A las personas felices que quieren eternizarse
Érase una vez una chiquilla que vivía tan feliz en su mundo que quiso parar el tiempo y mantener eternamente el estado en que se encontraba. Lo ansiaba tan profundamente que no se paró a valorar las posibles consecuencias de su decisión.
Érase una vez una chiquilla que vivía tan feliz en su mundo que quiso parar el tiempo y mantener eternamente el estado en que se encontraba. Lo ansiaba tan profundamente que no se paró a valorar las posibles consecuencias de su decisión.
Dicho y hecho. Consultó el vademécum de su experiencia y ayudada por su ego interior se dispuso a elaborar el elixir único del tiempo presente. Buscó en los libros la pócima adecuada y después de mucho indagar encontró la fórmula en el último libro de tapas amarillentas del desván de la casa de sus abuelos: “Caprichos ocultos”.
En la página 13 del capítulo III “Brebajes” se explicaba con todo lujo de detalles los ingredientes necesarios y la forma magistral para que dieran el resultado preciso.
“Medio vaso de melaza de uvas pasas, tres gotas de aceite de acelga, tres alas pulverizadas de libélula hembra y una lágrima de felicidad de la persona que busca la dicha eterna.
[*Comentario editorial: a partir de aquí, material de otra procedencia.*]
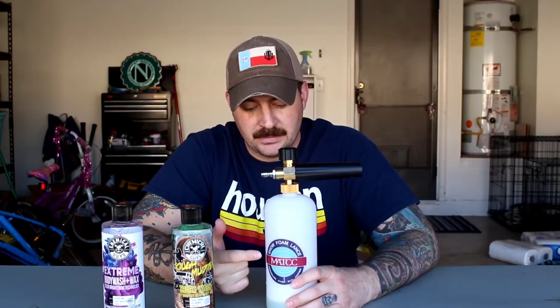Alright guys, initial thoughts after I got done soaping up the vehicle, cleaned it, washed it, everything. I didn't record the full wash — didn't want to bore you with the entire car wash — but you saw the pictures of the foam. So, I had originally filled it up to about 1,000 milliliters of water and added in a couple squirts of the Tough Mudder. I did one whole side of the car and part of the front and pretty much used the entire bottle — just on one side.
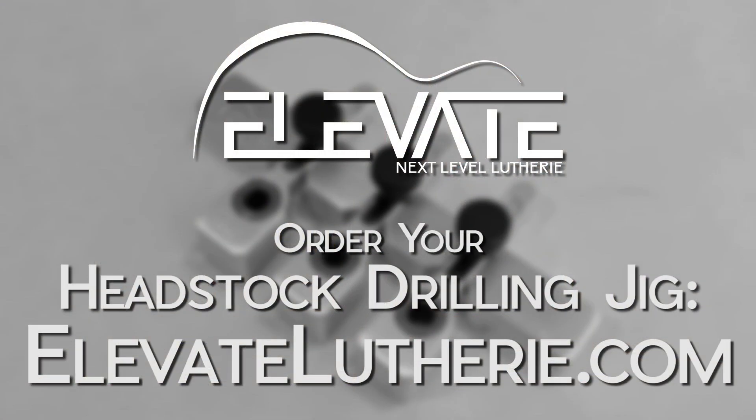The Elevate Headstock Drilling Jig makes drilling accurately spaced holes for tuners a breeze, regardless of your headstock shape. Get yours today at elevateluthery.com.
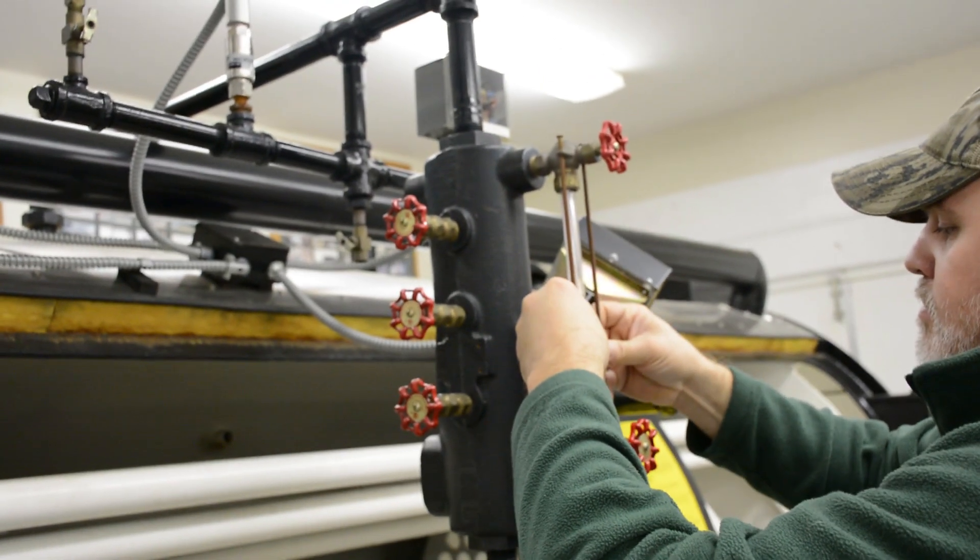Snug these up and put your protection rods back in there. If you like these kinds of tips, stick around for our channel — and other than that, we'll see you next week for another Boiler Room Tip.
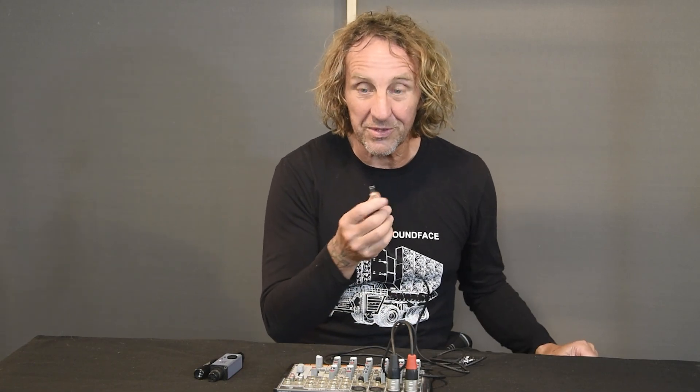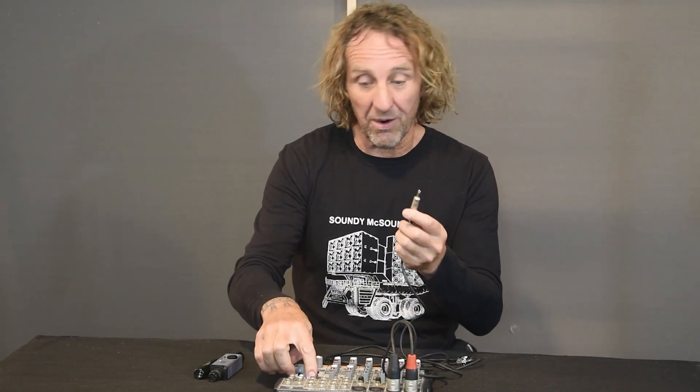The hack is to lick the end of the cable to see if phantom power is on. I'm going to turn phantom power on and see if his hack works.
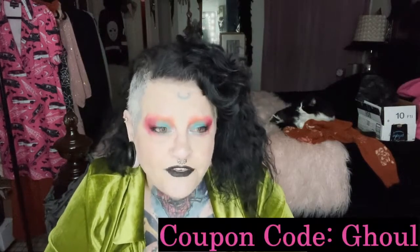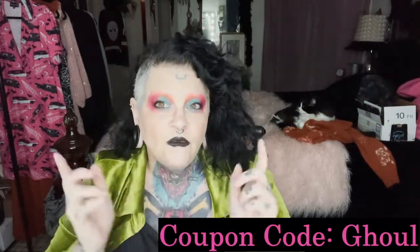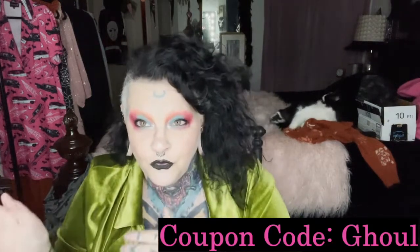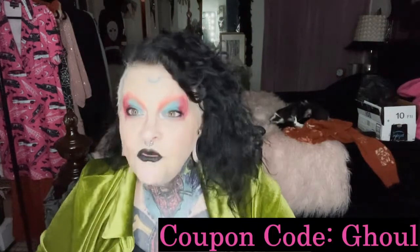They reached out to me about a month, month and a half ago, and I received the package yesterday. The place is called Miss Eyes. They offered me two pairs in exchange for doing a video to showcase some of their lenses, and I said sure, why not. I do have a coupon code for 10% off your order — unlimited time — and I believe the code is 'ghoul.' I'll have all the details in the description.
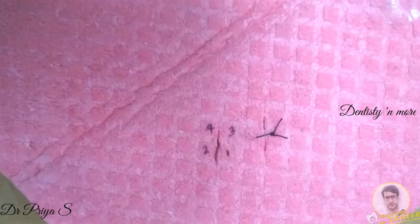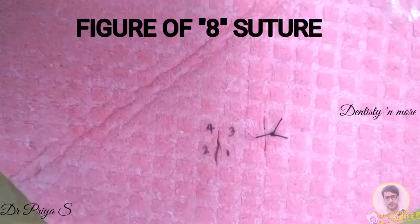The second suture technique is figure of 8. This is typically used in closure of extraction sockets. Any extraction socket will have 4 interdental papillae.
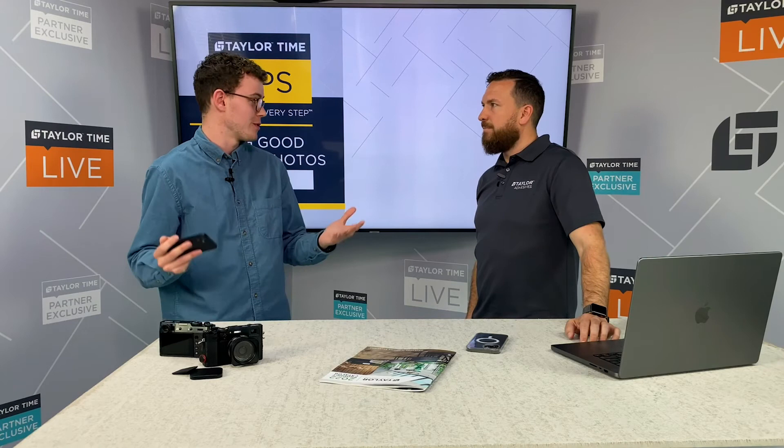Well, Skylar, those are all great tips and thank you for being here. We just want to remind you to check back with us for even more tips and to get more in depth about taking good job site photos. And remember, at Taylor Adhesives, we're with you every step.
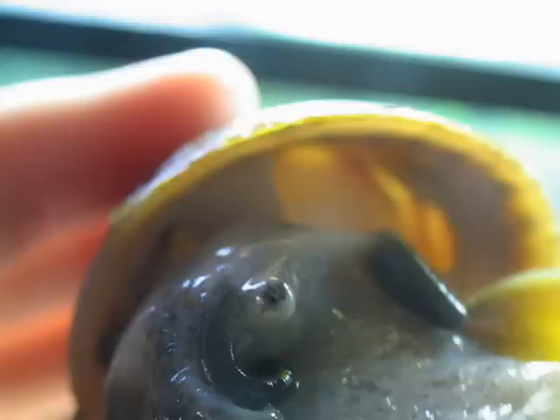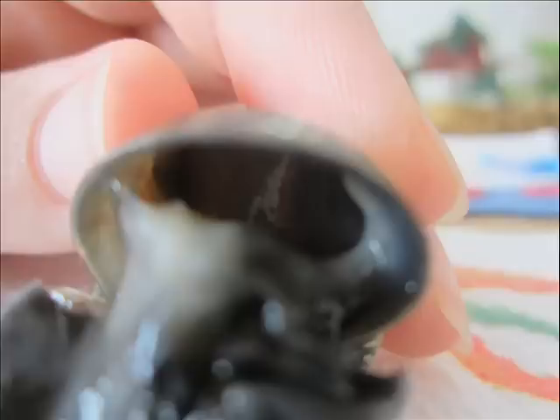Then here's my female and you don't. All of the penis sheaths are light colored, so you will definitely be able to tell the difference between the male and female black mystery snail.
Mezclado todo en las proporciones descritas se debe exponer el brebaje, esa misma noche, a la luz de la luna para que sus rayos de plata le confieran ese color perlífero y ahuyenten el influjo nocturno de la tristeza hasta el amanecer. Se debe ingerir en ayunas con los primeros rayos del sol.”
Consiguió sin esfuerzo todos los ingredientes necesarios, los mezcló y cuando quiso añadir la lágrima de felicidad le fue imposible llorar. Lo intentó infinitas veces pero las lágrimas no acudieron a sus ojos. Era tan feliz…
La noche se acercaba y el nerviosismo se apoderó de la chiquilla, se puso triste, muy triste y al final lloró, lloró tanto, pero de tristeza. Y sus lágrimas fueron infelices, estériles, inservibles, incontrolables y duraron toda la noche hasta el amanecer.